Tritonserver support for NVIDIA Jetson Platforms

Introduction to Triton Inference Server

From the official NVIDIA Triton Inference Server documentation: The Triton Inference Server provides a cloud inferencing solution optimized for both CPUs and GPUs. The server provides an inference service via an HTTP or GRPC endpoint, allowing remote clients to request inferencing for any model being managed by the server. For edge deployments, Triton Server is also available as a shared library with an API that allows the full functionality of the server to be included directly in an application.

Here you will find how to run and test the server on a JetPack step by step.

Native support

Native support for JetPack is supported in the latest releases of tritonserver. The latest release at the moment of writing is 2.16, which supports JetPack 4.6, with the TensorFlow 2.6.0, TensorFlow 1.15.5, TensorRT 8.0.1.6, and OnnxRuntime 1.8.1, you can find more information here: https://github.com/triton-inference-server/server/releases/tag/v2.16.0#Jetson_Jetpack_Support.

In order to use this release or any others, you can download the tarball with JetPack support from the release downloads: https://github.com/triton-inference-server/server/releases/download/v2.16.0/tritonserver2.16.0-jetpack4.6.tgz. This tarball includes the tritonserver as well as the client applications.

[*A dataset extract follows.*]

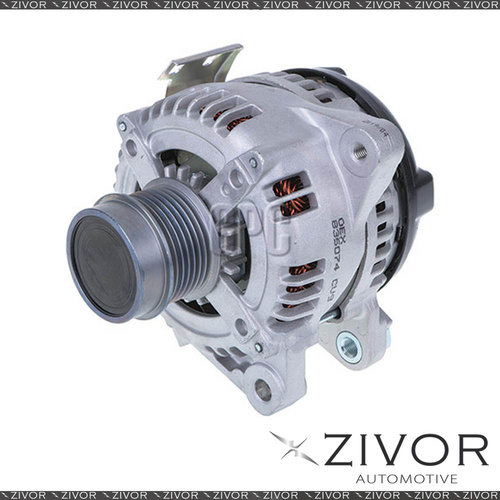 New OEX Alternator For Toyota Camry Acv40r 2.4l 2az-fe# #DXA583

Steps to use Triton server

1. Install the SDK components

In order to use tritonserver with all its capabilities for the models, you should first install all the SDK components available for the board on JetPack 4.6

2. Install Triton server dependencies

apt-get update
apt-get install -y --no-install-recommends \
    software-properties-common \
    autoconf \
    automake \
    build-essential \
    cmake \
    git \
    libb64-dev \
    libre2-dev \
    libssl-dev \
    libtool \
    libboost-dev \
    libcurl4-openssl-dev \
    rapidjson-dev \
    patchelf \
    zlib1g-dev

3. Download a models repository

This step is optional if you already have a models repository, if you don't have one for testing purposes, you can get some by using the step located here: https://github.com/triton-inference-server/server/blob/main/docs/quickstart.md#create-a-model-repository

For this you need to:

git clone https://github.com/triton-inference-server/server.git tritonserver-src
cd tritonserver-src && cd docs/examples
./fetch_models.sh
export MODEL_PATH=$PWD/model_repository

The models will then be located under the model_repository folder in the same directory as the executed script, exported in the MODEL_PATH variable.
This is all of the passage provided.